I love this part of winter when I can hibernate inside and not feel guilty about all the things I should get done outside. It is a time to relax, regroup and begin anew. Having resolved the problem of how to fix the painting (which had also greatly boosted my miniscule self confidence), I am now eager to work on Twilight once again. THIS year I resolve to put art at the top of the priority list and let everything else fit around it.

I am letting go of all the rejections and disappointments of the last several years and moving forward with new confidence, moving in new directions and setting more realistic expectations for the future. I feel more upbeat than I have in years, and that is a very positive thing. 

Tuesday, October 27, 2015

A Season of Gold and Silver


The view from my studio


Lady Autumn has descended on northwest Michigan, laying her golden hued gossamer cloak upon the earth and imbuing the air with a soft glow that no other season knows. Like the squirrels and birds which scurry about stashing nuts and seeds for the impending winter storms, I am busy cleaning out flower beds and putting away the garden equipment. 

This fall, more than any other, I feel a part of this golden season as I seek to find a new place for myself, a new meaning in daily living and art. I am becoming more comfortable in my own autumn season. It was quite timely, therefore, to encounter an admired artist from my past this morning. 

Burton Silverman, now in his eighties, was interviewed in The Artist’s Magazine.

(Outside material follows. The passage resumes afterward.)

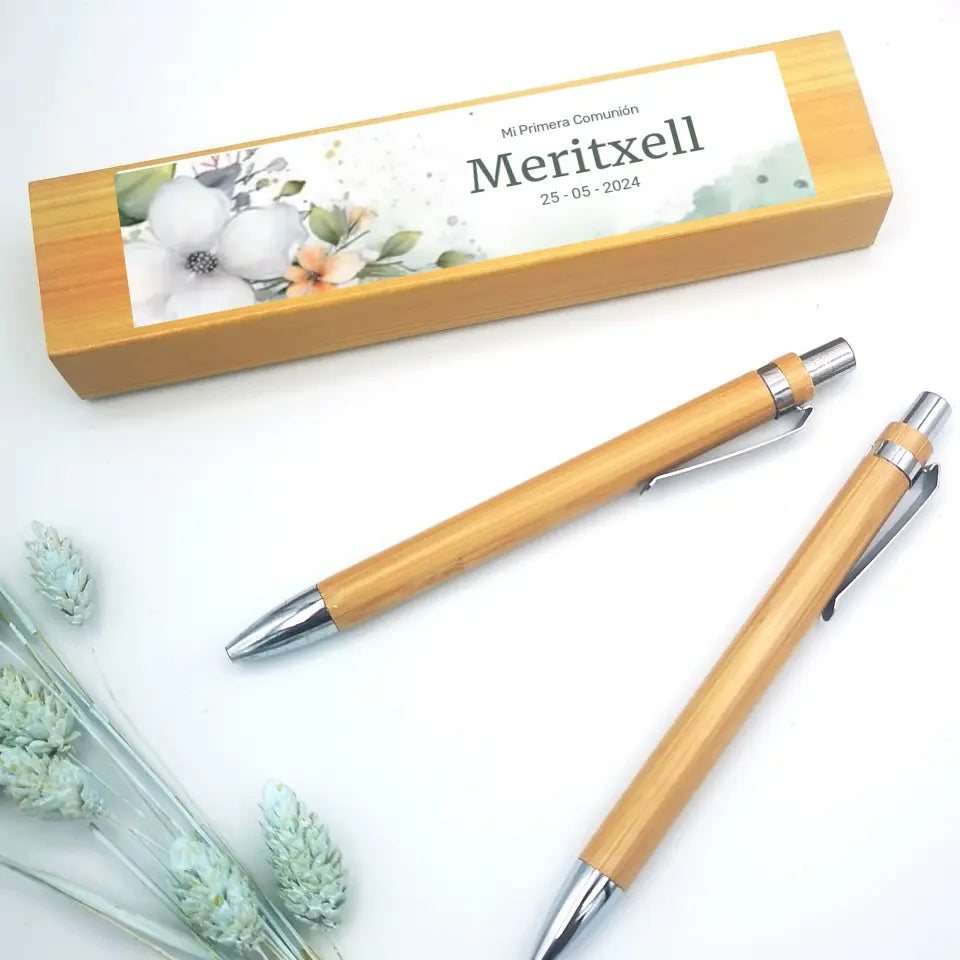 Set bolígrafos naTurales para invitados de boda económico y original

It took me back over 30 years to my final year in art school when our class took a field trip to Chicago. One of the highlights of the trip for me was a visit to a top advertising design studio where we were able to peek into the tiny cubicle spaces of illustrators as they worked. Lining the walls were original paintings by some of the top illustrators of the day. 

I was awestruck. Although enrolled in the commercial art program at Northwestern Michigan College, it was the Illustration courses that excited me the most. The nineteen eighties may not have been the Golden Age of Illustration, but its top illustrators were golden in my mind. The likes of Robert Heindel, Bernie Fuchs, Bob Peak, Mark English, Bart Forbes, Nelson McLean and Burton Silverman inspired me to make art my life’s work; to have something to say through art. 

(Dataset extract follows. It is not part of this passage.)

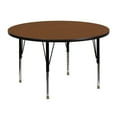 thumbnail image 1 of 48'' Round Oak HP Laminate Activity Table - Height Adjustable Short Legs, 1 of 3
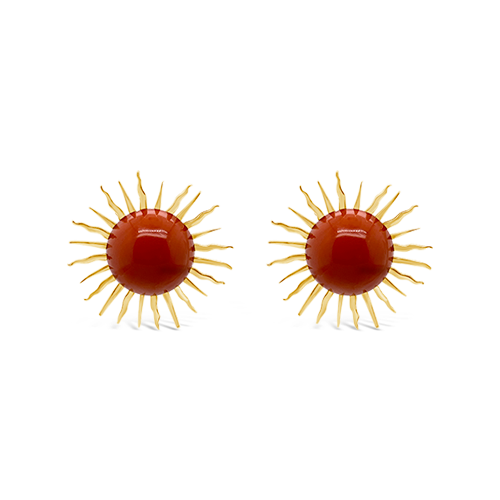 Coral Sunburst Estate Earrings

Looked down upon by the Fine Art establishment, illustrators were all blue ribbon winners in my mind. While following the constraints imposed by clients and art directors, they were still able to create great art. To tell a story or illustrate a point is the purpose of commercial illustration, but isn’t that exactly the same goal that fine artists strive for? They create without having to follow the dictates of outside voices. Who, then, is the better artist? Consider also that many illustrators become some of the most respected fine artists in their own right, having honed their skills and sensibilities in the commercial art world. 

Getting back to that interview with Burton Silverman, he discussed his endeavors to make his models not just objects but flesh and blood people with real lives, putting them in some sort of context in his paintings; telling a story and making a point. Isn’t that what the greatest paintings have always been about, going back through the centuries? 

It was a small reminder to me of what I’ve long wanted my own art to do. It was a nudge from a fellow artist in his own golden years to do my own thing. 

My life has wandered many paths since art school days; some led nowhere, some through briar patches and dark woods, but now in my Autumn years, I am finding my way along the path that destiny laid out for me in the birth of my own Spring. I am finding my destination. 

As a child, I earned the nickname of “Silver” because of my silvery blonde hair. Now here I am in the Golden Years, the Silver One again. When the flower beds are cleared and the garden tools put away, Burton Silverman will follow me as I enter my own winter hibernation in the warm inspirational walls of the studio. 

There I will embrace this Season of Gold and Silver and look forward to the promise of Spring.